== PROBLEM DESCRIPTION ==
Which lines in the data below contain the word "Rare"? Copy each of them.

#### GIVEN ENTRIES

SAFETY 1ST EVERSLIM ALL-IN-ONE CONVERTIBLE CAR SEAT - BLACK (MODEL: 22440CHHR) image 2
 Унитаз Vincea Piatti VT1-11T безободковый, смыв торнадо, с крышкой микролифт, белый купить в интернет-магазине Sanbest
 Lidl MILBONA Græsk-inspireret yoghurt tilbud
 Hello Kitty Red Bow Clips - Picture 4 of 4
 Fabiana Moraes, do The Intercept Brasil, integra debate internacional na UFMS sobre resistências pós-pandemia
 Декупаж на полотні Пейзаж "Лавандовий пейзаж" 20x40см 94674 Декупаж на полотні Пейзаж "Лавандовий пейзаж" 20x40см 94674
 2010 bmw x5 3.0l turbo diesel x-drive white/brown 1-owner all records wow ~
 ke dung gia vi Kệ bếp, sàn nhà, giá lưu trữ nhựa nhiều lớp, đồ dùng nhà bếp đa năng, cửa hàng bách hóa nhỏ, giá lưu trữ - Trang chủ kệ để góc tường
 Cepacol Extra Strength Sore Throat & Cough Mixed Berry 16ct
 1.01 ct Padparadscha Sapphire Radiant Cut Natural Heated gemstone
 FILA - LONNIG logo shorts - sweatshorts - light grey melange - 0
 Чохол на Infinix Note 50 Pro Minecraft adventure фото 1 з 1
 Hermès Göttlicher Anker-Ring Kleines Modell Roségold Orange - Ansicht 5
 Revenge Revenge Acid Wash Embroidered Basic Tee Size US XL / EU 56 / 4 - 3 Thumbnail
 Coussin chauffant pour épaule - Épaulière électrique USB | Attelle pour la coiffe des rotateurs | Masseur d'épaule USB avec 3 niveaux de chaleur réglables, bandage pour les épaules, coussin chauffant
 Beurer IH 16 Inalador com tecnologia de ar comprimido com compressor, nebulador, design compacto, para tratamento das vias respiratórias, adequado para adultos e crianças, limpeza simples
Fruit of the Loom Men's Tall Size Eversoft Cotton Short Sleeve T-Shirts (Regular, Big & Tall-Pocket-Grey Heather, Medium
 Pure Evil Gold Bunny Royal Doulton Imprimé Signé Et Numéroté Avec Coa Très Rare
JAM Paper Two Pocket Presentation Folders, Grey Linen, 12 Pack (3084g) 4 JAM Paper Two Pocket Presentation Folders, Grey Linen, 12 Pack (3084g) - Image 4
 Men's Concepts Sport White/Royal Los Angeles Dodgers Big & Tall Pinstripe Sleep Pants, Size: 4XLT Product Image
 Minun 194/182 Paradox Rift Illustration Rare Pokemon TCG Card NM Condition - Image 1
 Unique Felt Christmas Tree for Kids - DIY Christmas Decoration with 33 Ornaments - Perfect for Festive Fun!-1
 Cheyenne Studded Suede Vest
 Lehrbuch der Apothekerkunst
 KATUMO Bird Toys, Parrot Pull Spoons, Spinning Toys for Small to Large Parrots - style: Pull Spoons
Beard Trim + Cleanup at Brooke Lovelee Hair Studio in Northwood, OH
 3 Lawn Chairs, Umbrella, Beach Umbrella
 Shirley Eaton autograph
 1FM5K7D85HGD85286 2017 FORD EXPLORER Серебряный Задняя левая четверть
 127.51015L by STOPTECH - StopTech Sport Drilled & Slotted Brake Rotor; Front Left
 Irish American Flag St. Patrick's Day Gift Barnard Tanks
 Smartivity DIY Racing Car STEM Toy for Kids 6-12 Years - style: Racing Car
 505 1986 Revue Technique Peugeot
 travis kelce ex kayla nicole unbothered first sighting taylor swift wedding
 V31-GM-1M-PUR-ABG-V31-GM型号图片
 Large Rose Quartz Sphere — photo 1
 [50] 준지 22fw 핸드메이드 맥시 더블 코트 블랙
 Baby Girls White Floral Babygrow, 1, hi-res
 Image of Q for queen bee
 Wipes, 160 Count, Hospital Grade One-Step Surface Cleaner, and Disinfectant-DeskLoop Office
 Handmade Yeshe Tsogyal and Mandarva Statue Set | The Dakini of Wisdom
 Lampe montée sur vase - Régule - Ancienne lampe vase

########

== EXERCISE OUTPUT ==
 Pure Evil Gold Bunny Royal Doulton Imprimé Signé Et Numéroté Avec Coa Très Rare
 Minun 194/182 Paradox Rift Illustration Rare Pokemon TCG Card NM Condition - Image 1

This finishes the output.